# [ASSIGNMENT]
Leaving out all pictures, transcribe the lines below exactly, from the first through the line containing "Recently I've seen".

# [Records from a data collection]
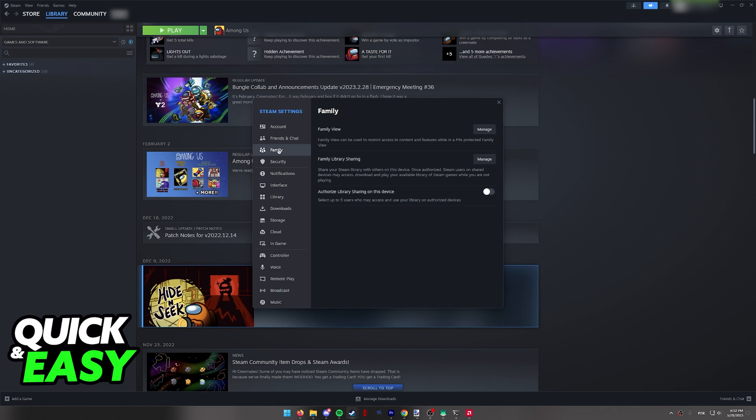Within the Settings menu, switch over to the Family tab, as you can see over here. You are going to see three main options: Family View, Family Library Sharing, and then Authorize Library Sharing on this device.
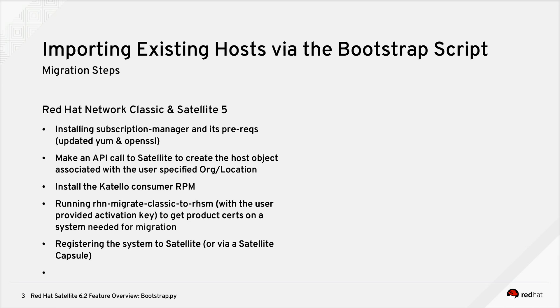In the migration use cases, such as that with Network Classic and Satellite 5, the steps that we follow in general are: we install Subscription Manager and its prerequisites if they aren't installed already. We make an API call to the Satellite server to create the host object specified with the user's correct location and organization. Additionally, we install the Katello Consumer RPM. We run RHN Migrate Classic to RHSM, which does some prerequisite steps such as installing product certs on the system which are needed for migration. And lastly, we register the system to Satellite or via Satellite Capsule for the purposes of ensuring that it has the correct content configuration as well as configuration management configuration.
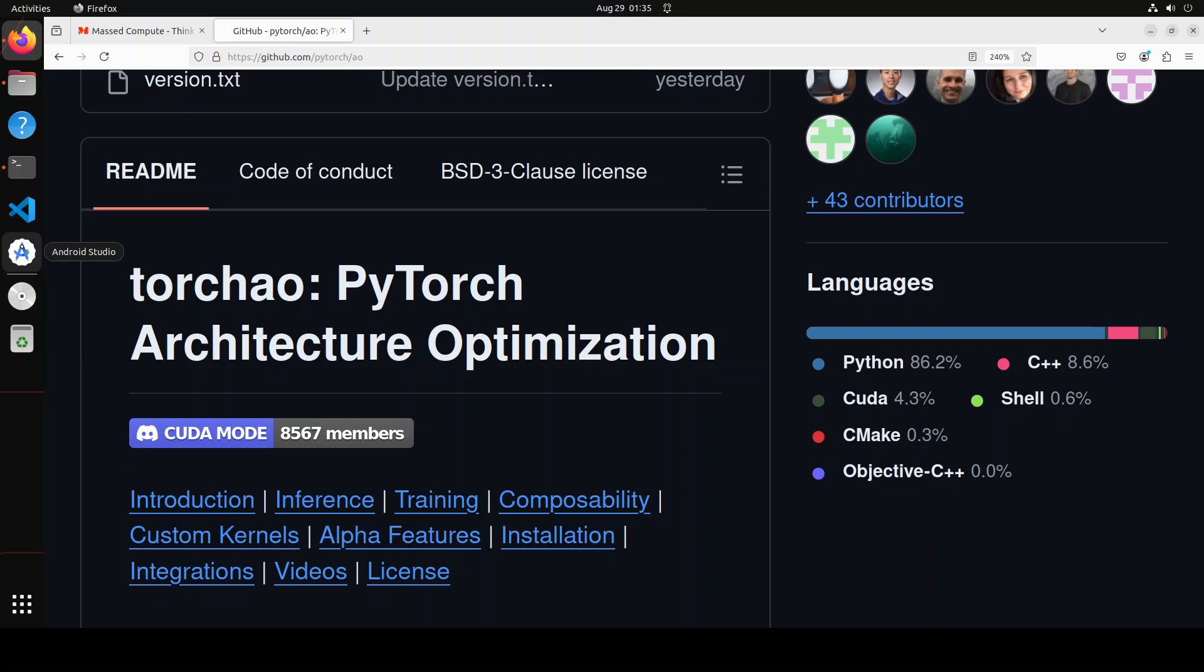Hello everyone and welcome to the channel. In this video, I am going to show you the massive and amazing speed difference when you run an inference with PyTorch Architecture Optimization or PyTorch AO.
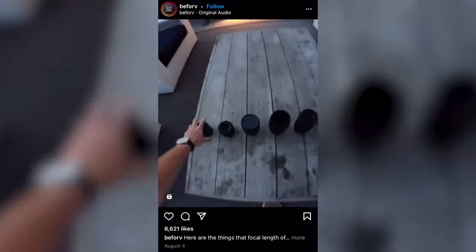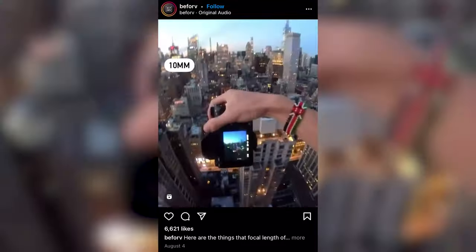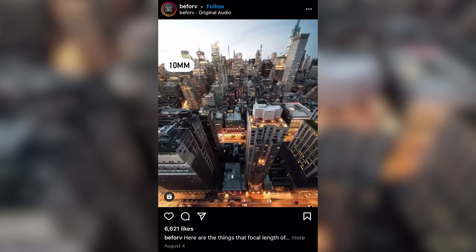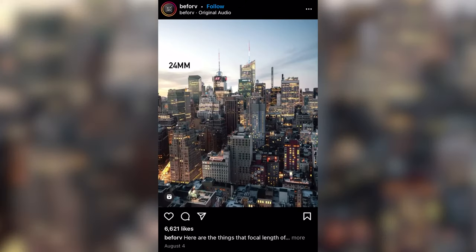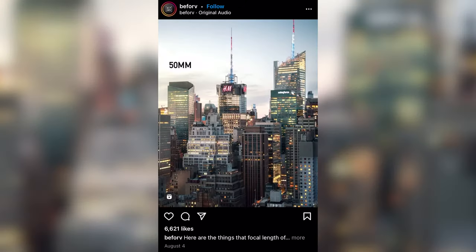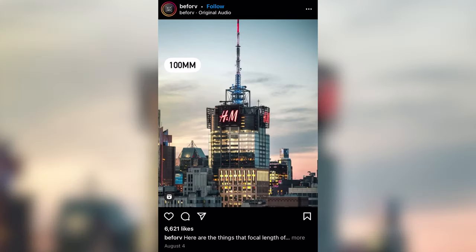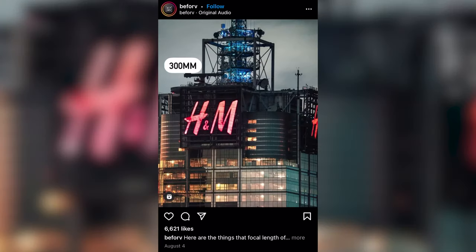Recently I've seen a lot of videos on Instagram Reels, TikTok, and YouTube Shorts that claim to explain focal length. And they all look a little bit like this. Technically what these videos show is not wrong, but there's a lot more to focal length that you should understand.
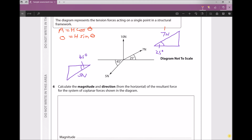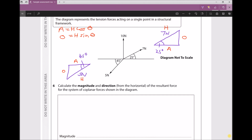We know the longest side is the hypotenuse, the side opposite the angle is the opposite, and the remaining side is the adjacent. We do the same labelling for the 5 Newton force triangle. The X component of the resultant force is the sum of all horizontal components, and the Y component of the resultant force is the sum of all vertical components.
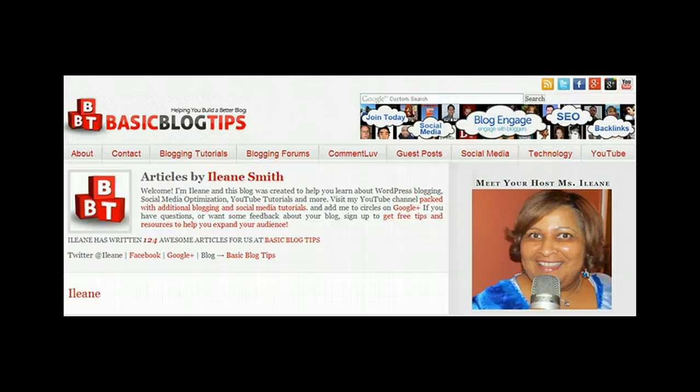Okay guys, I hope you found that helpful. Go ahead and subscribe to my channel to keep up with all the updates, and don't forget to visit basicblogtips.com. Peace!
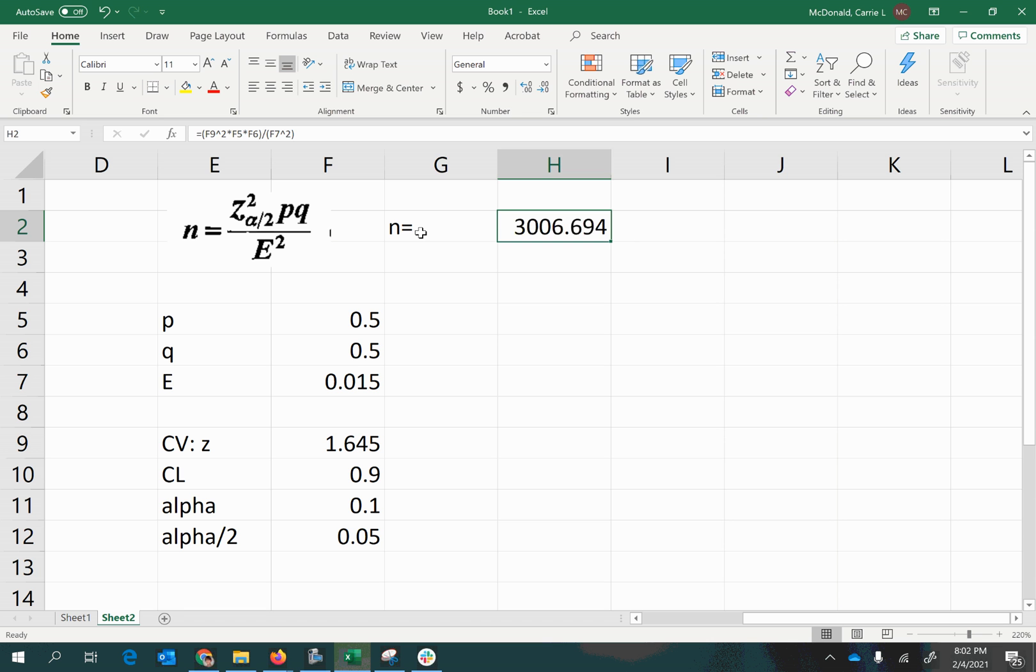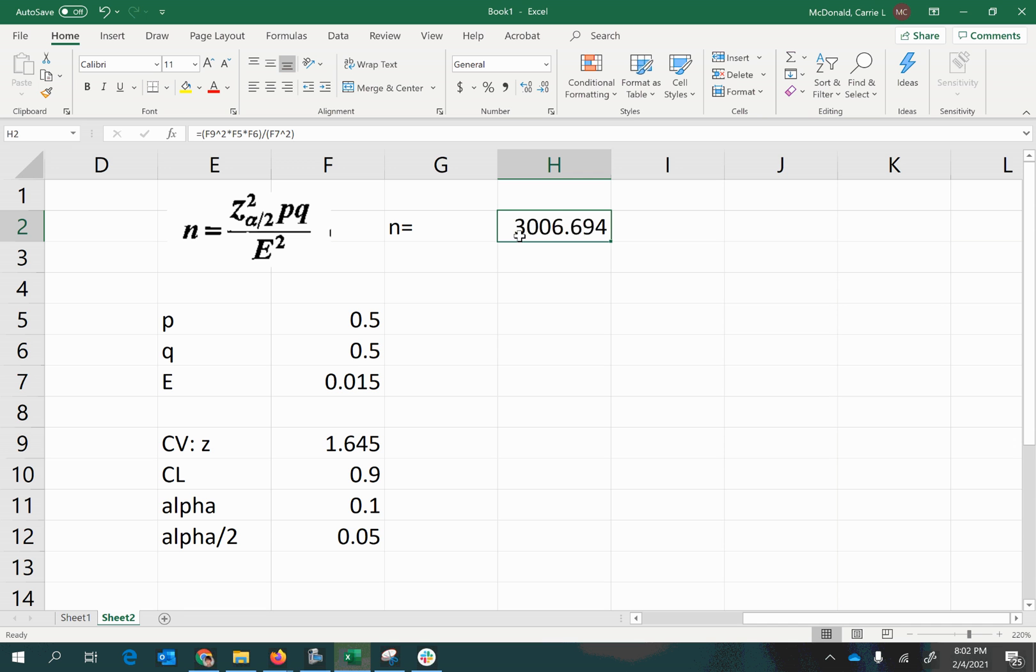And as always with estimating sample size, you cannot collect 3006.694 pieces of information. You can, however, collect 3006 pieces of information or 3007 pieces of information. So which would be more appropriate?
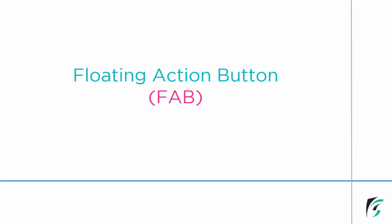Welcome back guys to our Android programming tutorial series on Android Material Designing. This is Annie from SmartHerd. In this video, we will be learning about floating action button in detail.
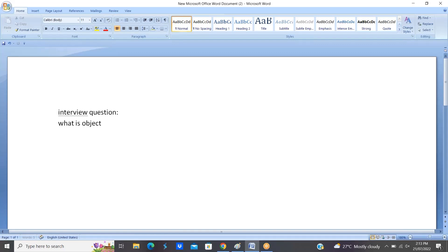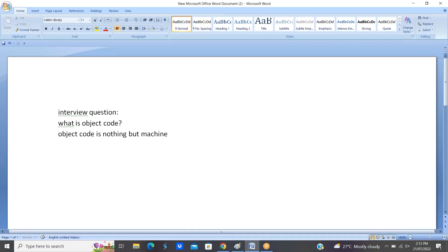The interview question is: what is object code? Object code is not present in Java, but before going to discuss about bytecode we have to know what object code is. Object code is nothing but machine code which is equivalent to source code. This is the definition of object code.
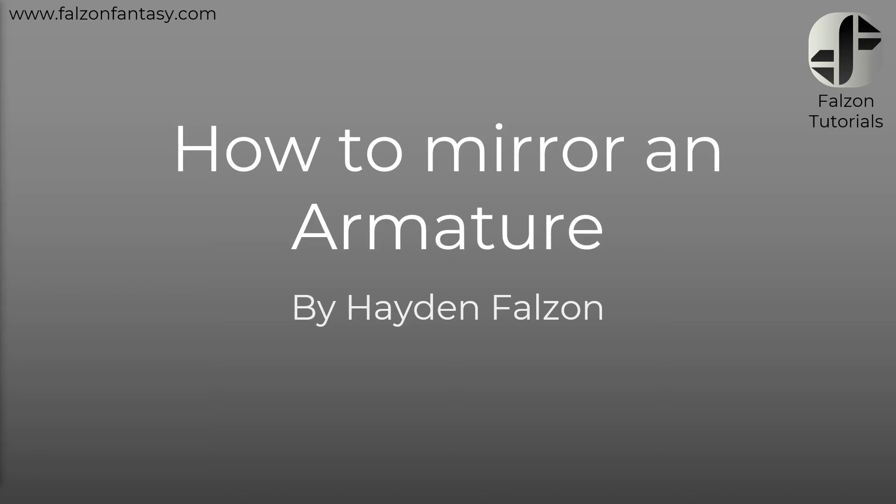Hello and welcome to this tutorial on how to mirror an armature in Blender. My name is Hayden Falson from FalsonFantasy.com and essentially what we're going to be looking at today is the importance of a very particular function within Blender that enables us to mirror an armature as well as edit on a mirror. So without further ado, let's get started.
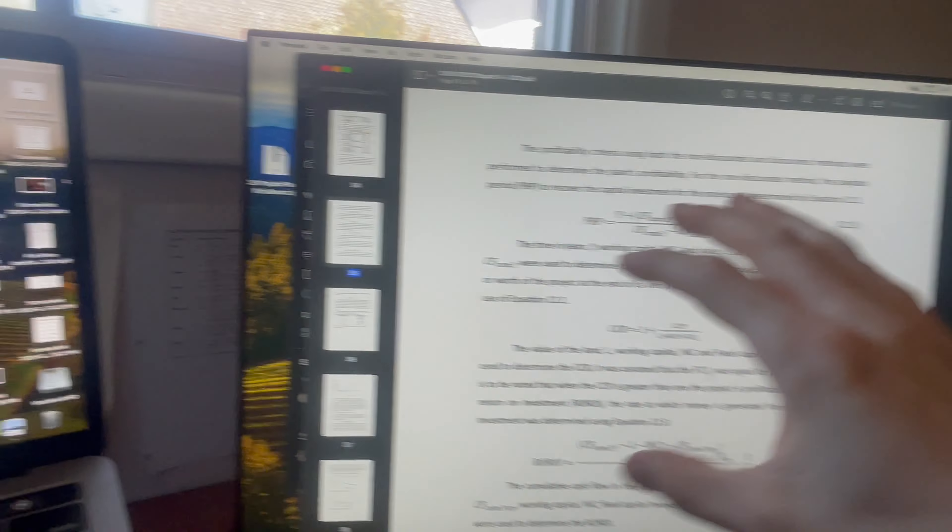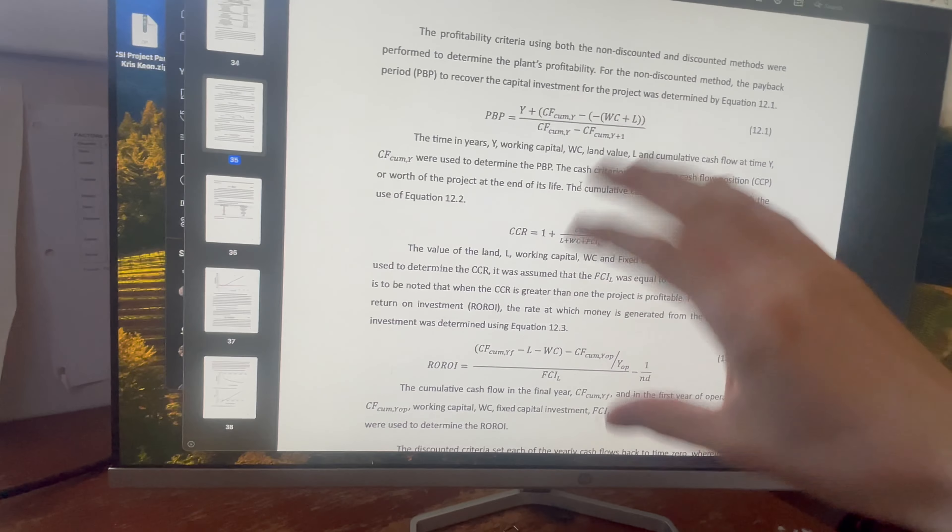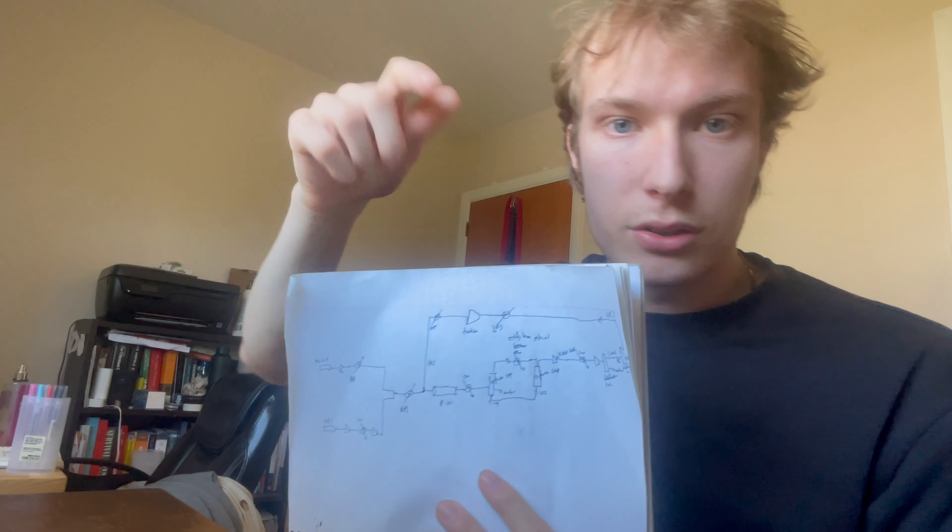All right guys, just like that, it's now 1:12. Went through my report, learning about different financial calculation things, went over my process flow diagram, just by heart, off the top of my head, just so I know what's going on. I think I covered all four questions. My exam is in half an hour, so I should definitely get going.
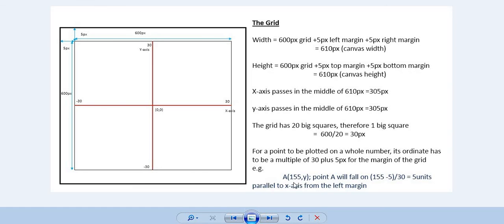For example, if you are plotting a point with x-coordinate 155, that means (155 minus 5 pixels for the margin) divided by 30 pixels, which equals 5 — so this point falls on the fifth unit of our grid.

# [ANSWER FOR THE TASK]
Within the Settings menu, switch over to the Family tab, as you can see over here. You are going to see three main options: Family View, Family Library Sharing, and then Authorize Library Sharing on this device.
In the migration use cases, such as that with Network Classic and Satellite 5, the steps that we follow in general are: we install Subscription Manager and its prerequisites if they aren't installed already. We make an API call to the Satellite server to create the host object specified with the user's correct location and organization. Additionally, we install the Katello Consumer RPM. We run RHN Migrate Classic to RHSM, which does some prerequisite steps such as installing product certs on the system which are needed for migration. And lastly, we register the system to Satellite or via Satellite Capsule for the purposes of ensuring that it has the correct content configuration as well as configuration management configuration.
Hello everyone and welcome to the channel. In this video, I am going to show you the massive and amazing speed difference when you run an inference with PyTorch Architecture Optimization or PyTorch AO.
Recently I've seen a lot of videos on Instagram Reels, TikTok, and YouTube Shorts that claim to explain focal length. And they all look a little bit like this. Technically what these videos show is not wrong, but there's a lot more to focal length that you should understand.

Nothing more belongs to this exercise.